Si tratta di un’istallazione artistica di realtà virtuale, mezzo sempre più utilizzato per fondere realtà e finzione (in particolar modo nel campo videoludico), in questo caso in una declinazione a scopo fortemente sociale, permettendo allo spettatore di sperimentare, per circa 7 minuti, l’esperienza di un migrante clandestino nel tentativo di raggiungere gli Stati Uniti.


L’opera lavora su due livelli:
Quello emotivo: ovvero quello che percepiamo in quel momento, a livello di esperienza personale legato al nostro bagaglio di esperienze, la nostra impressionabilità  e la nostra sensibilità sull’argomento (molte persone hanno preferito interrompere l’esperienza pochi minuti dopo l’inizio), Quest’ultimo è probabilmente quello che il regista si presupponeva di rendere predominante nell’animo degli spettatori, chiamati non solo a vivere un’esperienza unica, ma uscirne con un punto di vista più consapevole su un argomento quanto mai attuale in Italia quanto che in America.
E poi su un’aspetto decisamente più oggettivo, ovvero quello cinematografico: ovvero ciò che possiamo vedere ricreato interamente in digitale sul modello di persone e luoghi reali e che con le quali, grazie alla tecnologia, ci è permesso permette interagire, puntando il nostro sguardo/cinepresa,  o muovendoci in un’ambiente 3D sapientemente ricreato. 
Come dei narratori onniscienti, siamo presenti al centro dell’azione, seppure esterni, potendo decidere deliberatamente su cosa porre l’attenzione per la durata dell’esposizione, garantendo ogni volta (e per ogni spettatore) un’esperienza diversa, ma che con un finale  comune e particolarmente sconvolgente, finisce per renderci parte integrante della storia.

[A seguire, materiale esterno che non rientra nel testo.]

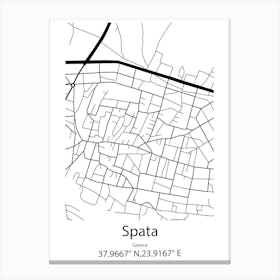 Spata,Greece Minimalist Map Canvas Print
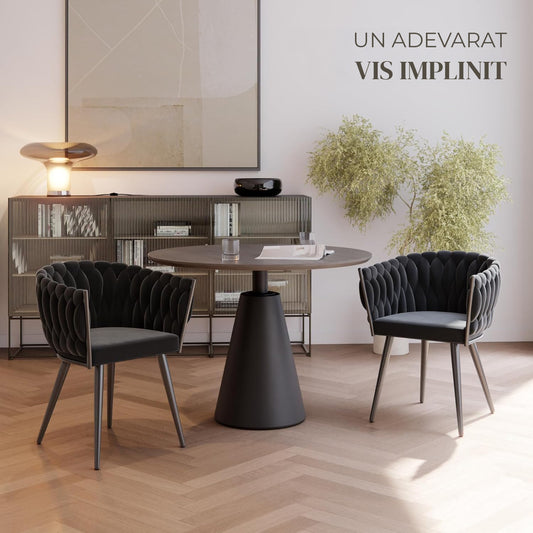 Set 2 Scaune Elindor® Ergonomice, Tip Scoica, Design Contemporan, Scaun cu Spatar si cu Manere, din Catifea cu Picioare Metalice Aurii, Potrivite pentru Living, Bucatarie, Birou, Dormitor, Latime Sezut 44 cm, 71 x 50 x 45 cm, Negru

Un lavoro sicuramente visionario e sperimentale, che potrebbe significare una delle possibili declinazioni del cinema del futuro: storytelling costruito attorno allo spettatore, interattività e rivoluzione nella figura professionale del regista, e della maggior parte delle figure centrali professionali del campo cinematografico.
Un’esperienza assolutamente unica, personale e raccomandabile a non solo a persone da una certa attenzione politica, ma anche a gli ammiratori del cinema sperimentale moderno.